Дорога от берегов Адриатики до Мостара, а затем до Сараево оказалась долгой, однообразной, грязной, выматывающей душу и тело, хотя поезд полз по очень живописным местам, лез на горы, миновал тоннели. В Сараево Шабеко с трудом втиснулся в переполненный вагон. Маленький, игрушечный паровозик с большой трубой пищал сорванным, суматошным фальцетом. Профессору казалось: еще два-три таких панических сигнала — и всех пассажиров выгонят втаскивать состав на очередной перевал. Пассажиры, однако, оставались безучастными... «Селяки», которые сразу узнавались по домотканой одежде и мягким остроносым кожаным галошам, вели себя весьма шумно, возбужденно и с аппетитом ели, группа парней тянула грустную мелодию. Горожане и немногочисленные чиновники, напротив. держались высокомерно и чопорно, шелестели газетами, говорили вполголоса, безучастно поглядывали на соседей. Шабеко обратился было, чтоб скоротать время беседой, к интеллигентного вида пожилому человеку с вопросом, произнесенным по-французски, но тот лишь пожал плечами. Виталий Николаевич повторил вопрос по-немецки. Сосед не ответил, отвернулся демонстративно. Не удержавшись, профессор сказал что-то о приличиях, существующих в цивилизованном мире, и обиженно замолчал.
Поезд прибыл в Белград вечером, опоздав против расписания часа на два. Прохожий, в котором Шабеко без труда признал русского, любезно согласился проводить его до дешевой гостиницы. Они двигались в полной темноте по переулкам, лишенным всякого освещения. Чтобы не упасть, профессор попросил попутчика взять его под руку. Провожатый оказался армейским подполковником.
— Ну, а как жизнь в Белграде? — спросил Шабеко.
— Жизнь?! — насмешливо переспросил спутник. — Прозябание!.. А вы откуда, милостивый государь?
— Из Каттаро.
— Цветут небось уже эти... оливки. Вам повезло.

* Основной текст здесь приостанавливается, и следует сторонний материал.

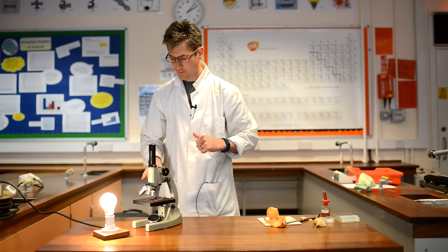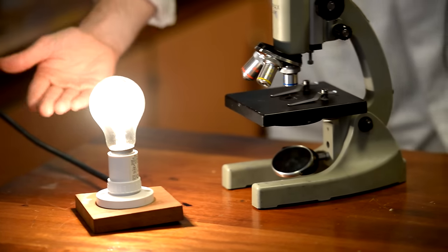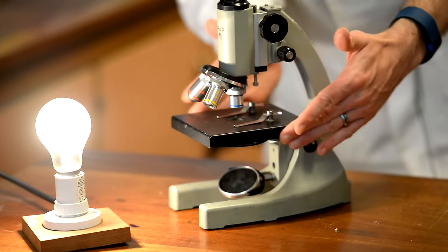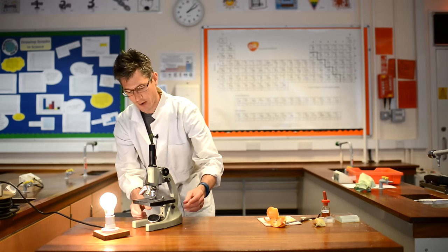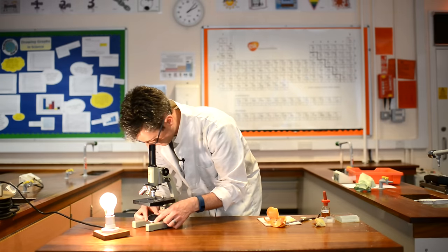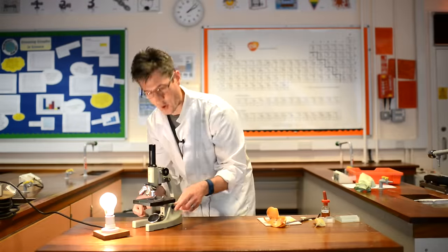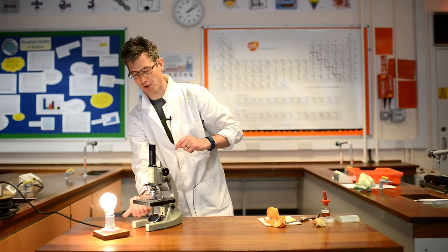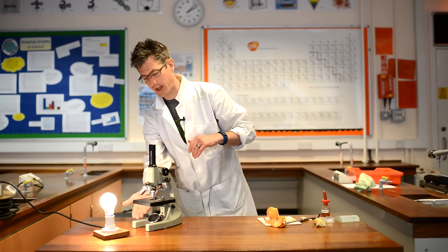Here is our microscope. Notice we've got a light source attached here. The light from this light bulb is coming underneath, and there's a mirror at the bottom of the microscope below what's called the stage. This platform here is called the stage. The light from the light bulb is reflecting up. First thing to do when you've got your microscope set up is adjust the mirror until lots of light comes up — you should see a nice white circle, meaning lots of light is coming up to help you see your specimen clearly.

— Зато вы к властям ближе.
— Какое там! — махнул рукой и даже сплюнул от досады подполковник. — Политиканы! Царедворцы! Они и тут далеки от нас, как луна от земли. Да и нам, беженцам, до них дела нет, впору только о себе подумать. Мне еще повезло, я работу здесь нашел.
— Кем же вы трудитесь?
— Трудитесь?! — подполковник коротко хохотнул. — Я не в штабе ныне — в артели, грузчиком на железной дороге, по которой вы изволили вояжировать. А через город пешком в общежитие возвращаюсь потому, что каждую полушку обязан экономить: жена больна.
— Простите великодушно, мои вопросы бестактны. Но я совершенно не понимаю: общественные группы, «размен» — финансовая помощь королевства, помощь Красного Креста?..
— Ее целиком забирают наши всемогущие боги, жаждущие славы и новых кровопролитий. Скажу откровенно, профессор: ругаю себя — почему в Россию не вернулся? Теперь поздно: убивают каждого, кто помыслит бежать. Недавно ночью убит поручик Ветлов из нашей железнодорожной артели, а на трупе записка: «Так будет с каждым, кто продается Советам». Будьте осторожны здесь.
— Благодарю, господин подполковник. — Шабеко с чувством искренней признательности пожал руку бывшему офицеру. — Что я им? Как сказал Плиний: «Падает тот, кто бежит, кто ползет — не падает». Я — книжный человек, никому не опасен.
— А вот мы и у цели, — подполковник остановился возле неказистого двухэтажного здания с керосиновым фонарем над входом. — Желаю успеха, профессор, хотя, если признаться, знаю: ничего, кроме унижений, не ждет вас. Вряд ли увидимся еще.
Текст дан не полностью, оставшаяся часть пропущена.